It bounces, stretches and keeps your feet dry in the rain. And it may well have meant the difference between winning and losing World War II.
Air Date:09/20/2000
Scientist:
Transcript:

music


It bounces, it stretches, it keeps your feet dry in the rain. And it just might have meant the difference between winning and losing World War II. I'm Jim Metzner and this is the Pulse of the Planet, presented by DuPont. By 1940, almost all the world's rubber came from British plantations in Southeast Asia. This proved to be unfortunate for the Allies. Ethnobotanist Wade Davis is author of the book, One River.

"Within six weeks of Pearl Harbor, the Japanese had taken all of Southeast Asia, including all of the world's rubber supply. It was an extraordinary crisis. President Roosevelt was told that the nation had a six-month supply of rubber. After that, the capacity to wage war would come to an end."

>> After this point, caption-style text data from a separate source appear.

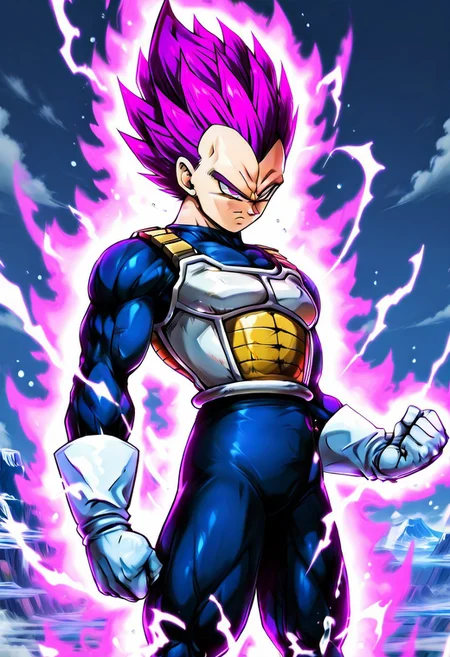 masterpiece, best quality, dbzhyp3ABL, solo, 1boy, pink hair, purple hair, spiked hair, white gloves, armor, saiyan armor, muscular, clenched hand, serious, aura, vegeta, male focus  a Vegeta stands poised for battle, his muscular form outlined by the sleek Saiyan armor that clings to his body. His spiked pink and purple hair crackles with energy, reflecting the intensity of his transformation. His serious expression speaks of determination and focus, as his clenched hand crackles with the immense power of his aura. The white gloves, adorned with battle-worn marks, only add to his intimidating appearance, accentuating the aura of a warrior at the peak of his strength. The air around him hums with electric energy, signaling the immense power heas preparing to unleash. Vegetaas stance exudes confidence, as if heas already anticipating victory in the next clash.,   <lora:DragonballHype_NAI:1.0>,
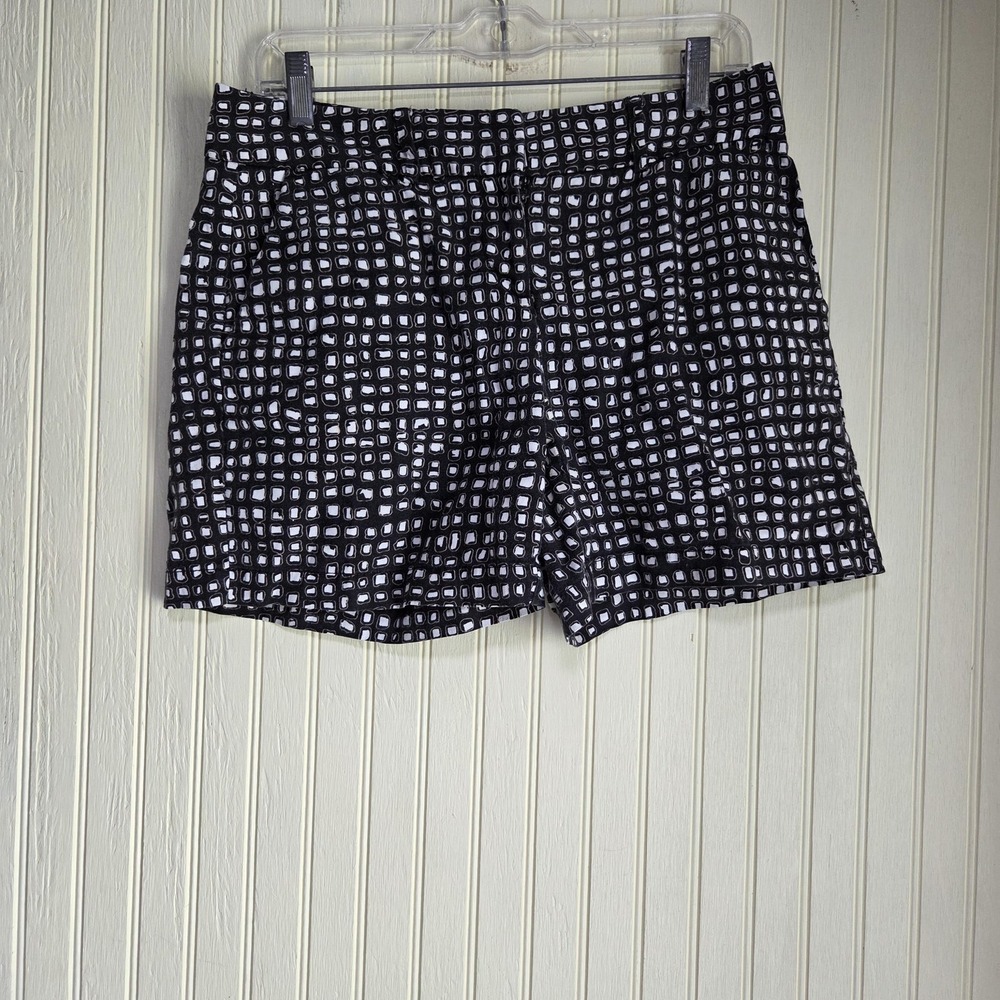 Ann Taylor LOFT Shorts Womens 2 Black Linen Cotton Chino Geometric Print Casual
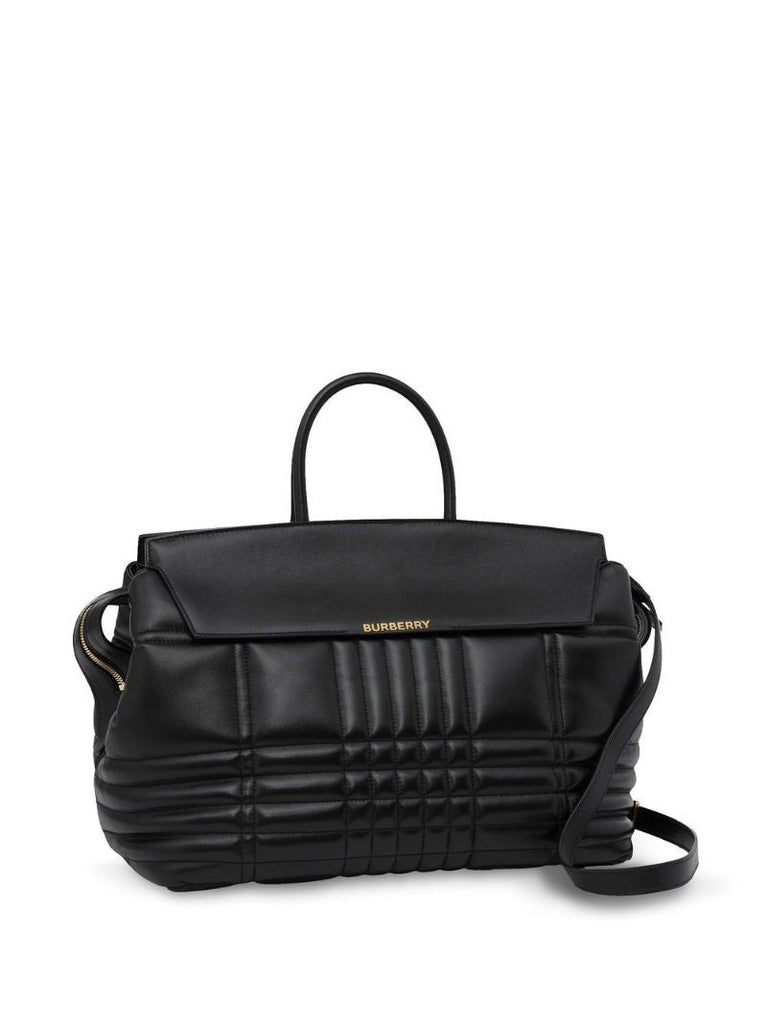 Black Catherine Large Quilted Leather Bag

Tires, valves, seals, hoses, insulators were all made of rubber - and were indispensable to the war effort. A single battleship, for example, had more than twenty thousand rubber parts. Americans responded to the rubber shortage by recycling their rubber products and scientists began trying to develop a synthetic rubber. Henry Ford started a new rubber plantation in South America.

"He established, on a land grant the size of Connecticut, a place called Fordlandia. They planted literally millions of saplings, and everything seemed fine until the saplings grew to a certain height, and then all hell broke loose."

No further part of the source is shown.